* EXERCISE AIM *
From top to bottom, print the listing word for word and skip any pictures it contains.

* STORED DATA *

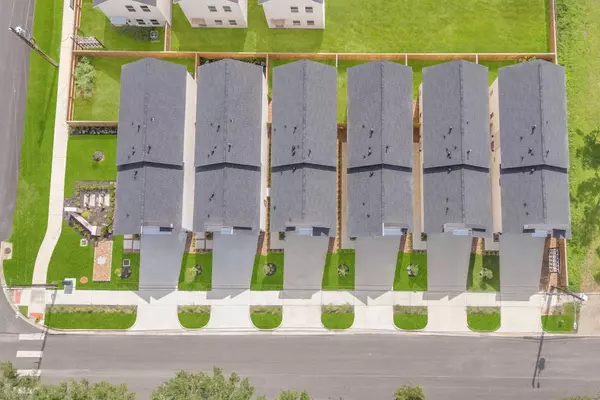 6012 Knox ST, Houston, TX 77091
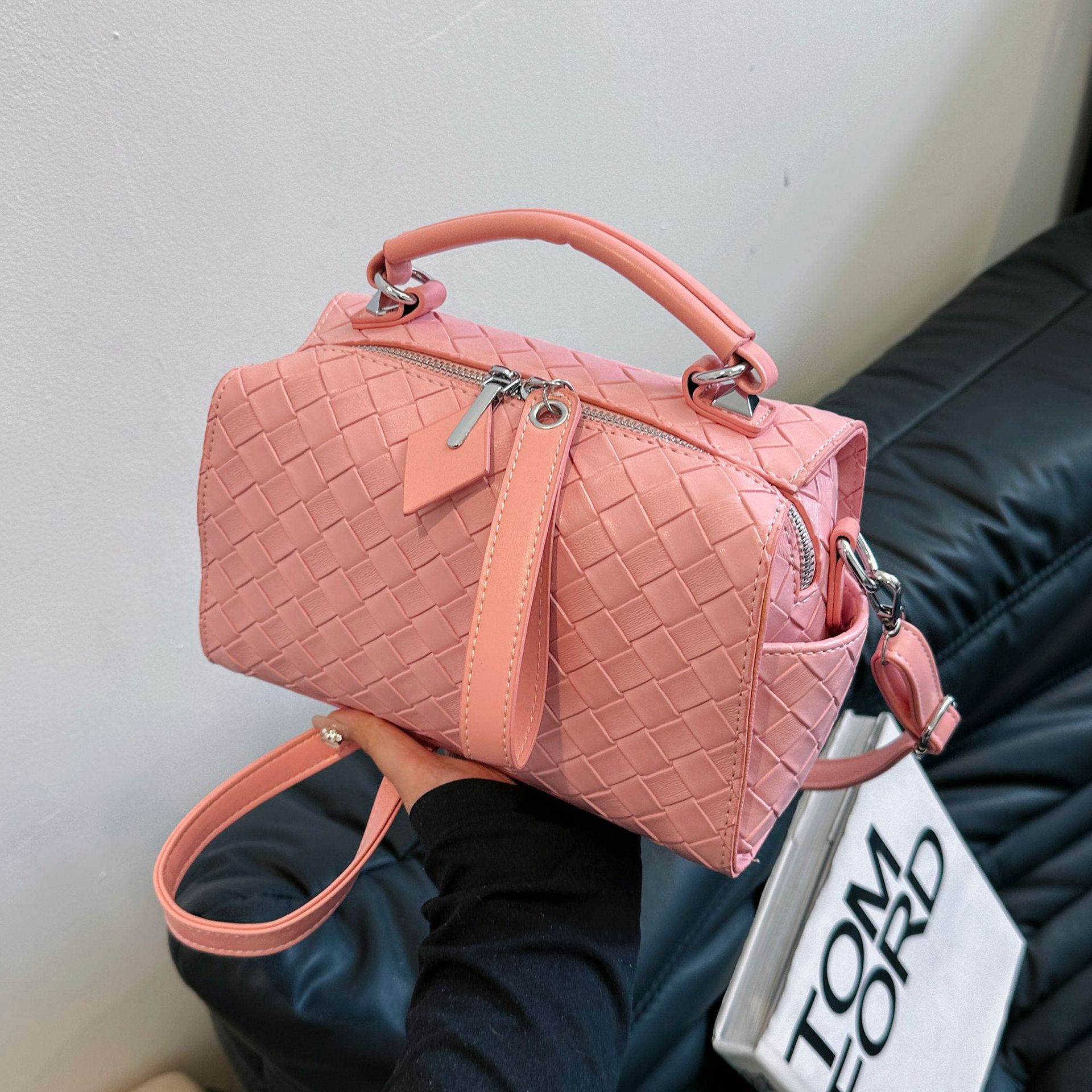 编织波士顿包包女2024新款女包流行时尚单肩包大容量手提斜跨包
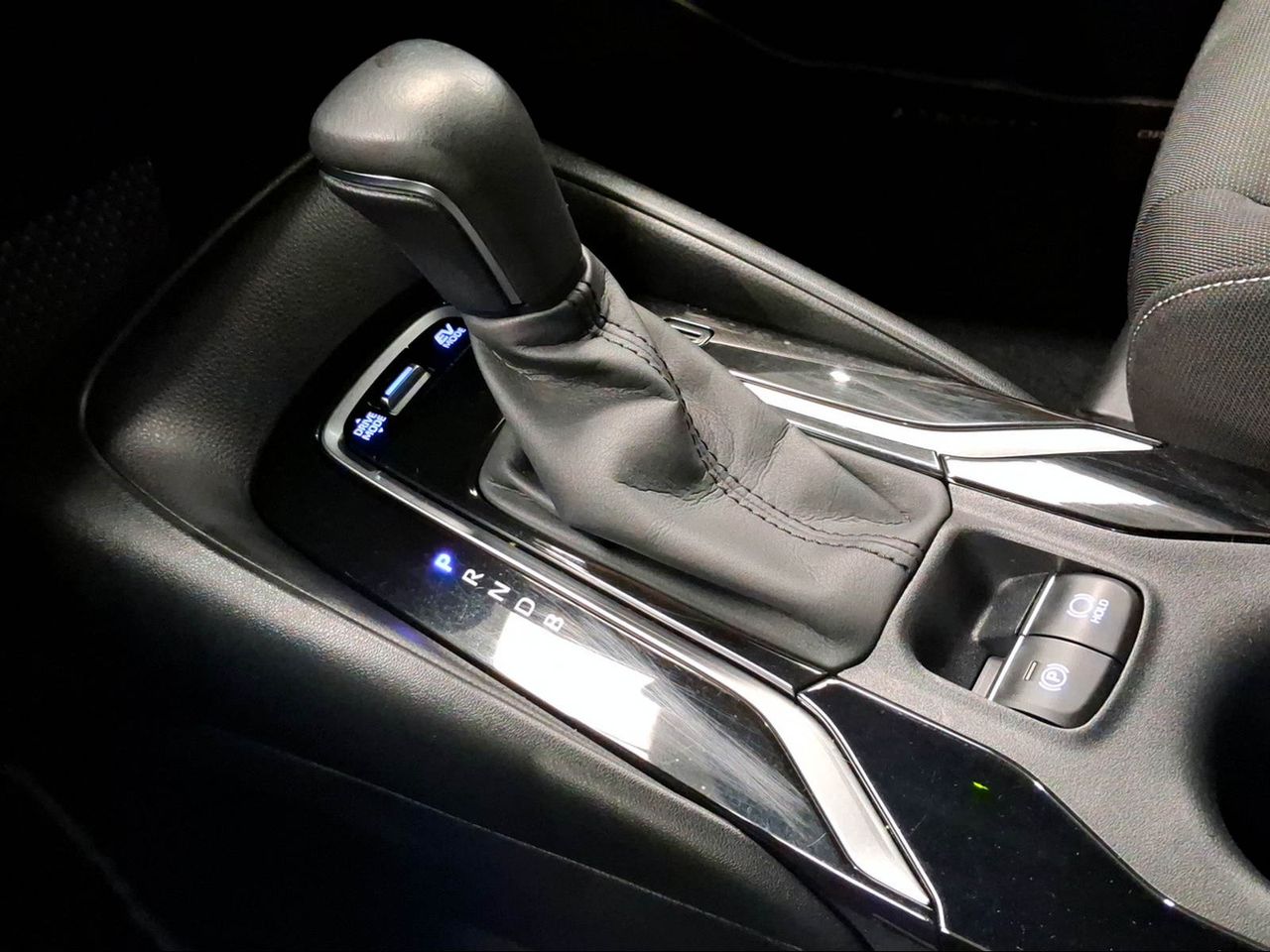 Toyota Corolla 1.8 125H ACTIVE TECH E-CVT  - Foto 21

* SOLUTION *
 6012 Knox ST, Houston, TX 77091
 编织波士顿包包女2024新款女包流行时尚单肩包大容量手提斜跨包
 Toyota Corolla 1.8 125H ACTIVE TECH E-CVT  - Foto 21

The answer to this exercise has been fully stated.